Terkait dugaan penyunatan uang kompensasi untuk supir angkot yang terjadi secara misterius oleh sejumlah orang tak bertanggung jawab, Gubernur Jawa Barat Dedi Mulyadi siap mengambil tindakan.
Ternyata ada tiga pejabat yang menjadi sumber pengurangan dana itu.
Sopir angkutan umum di Puncak Bogor berhak menerima dana ganti rugi sebesar satu juta rupiah serta paket bahan pokok bernilai lima ratus ribu rupiah.
Meskipun demikian, setelah dipotong biaya, supir angkutan hanya mendapatkan uang sebesar Rp 800 ribu.
Mana yang uang ganti rugi dikurangi sebesar Rp 200 ribu?
Para pelaku menyatakan bahwa pengurangan bantuan itu didasari oleh kesadaran mereka sendiri.

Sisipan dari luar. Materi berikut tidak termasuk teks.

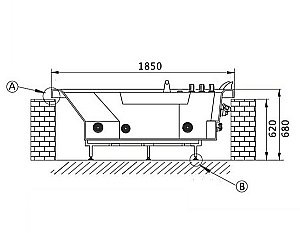 Ванна акриловая Gemy Built-in G9053 O 185х162 белая с гидромассажем купить в интернет-магазине Sanbest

Meskipun mengklaim bahwa itu adalah dengan niat ikhlas, jumlah uang yang diminta malah ditetapkan hingga mencapai Rp 200 ribu.
Menurut pengemudi angkot yang bernama Emen, mereka hanya menerima pendapatan sebesar Rp 800 ribu.
“Jadi dari pihak ayah begitu, katanya sumbangan ikhlas, tetapi harganya ditetapkan sebesar dua ratus juta rupiah,” ungkap Emen ketika dihubungi oleh KDM melalui telepon.
Enam membongkar identitas orang yang dengan berani mencabut dukungan Dedi Mulyadi kepada supir angkutan kota.
Menurut dia, orang-orang yang melakukan sunatasi tersebut terdiri dari petugas Dinas Perhubungan Kabupaten Bogor, Organda, serta KKSU.
“Itu Pak dari Dinas Perhubungan Kabupaten Bogor, Organda, dan KKSU,” jelas Emen.
Sayangnya, dia tidak tahu pasti nama-nama karyawan Dishub Kabupaten Bogor yang menahan bantuan dari KDM.
“Saya tidak begitu mengenal siapa dia, tapi yang pasti adalah pegawai dari Dinas Perhubungan. KKSU pun bukan pemimpinnya, hanya ada beberapa anggota tak resmi,” jelas Emen.
Emen juga mengatakan sebuah nama dari KKSU.
“Siapa yang menanam padi itu? Ketuanya Pak Nandar, beliaunya tahu,” kata Emen dikutip oleh TribunJabar.
Mereka yang menjadi bagian dari Komunitas Seksi pun mengumpulkan dana sebesar Rp 200 ribu per orang.
Tidak tahu, kami hanya dimintakan bantuannya. Dari seluruh komunitas yang terdiri dari 20 orang, semuanya menyumbang Rp 4 juta kepada KKSU.
Menurut Emen, KKSU menyebutkan untuk Dishub sekarang adalah Organda, KKSU.
“Rp 200 ribu dikali 500 sudah cukup, totalnya menjadi Rp 100 juta,” tambah Dedi Mulyadi.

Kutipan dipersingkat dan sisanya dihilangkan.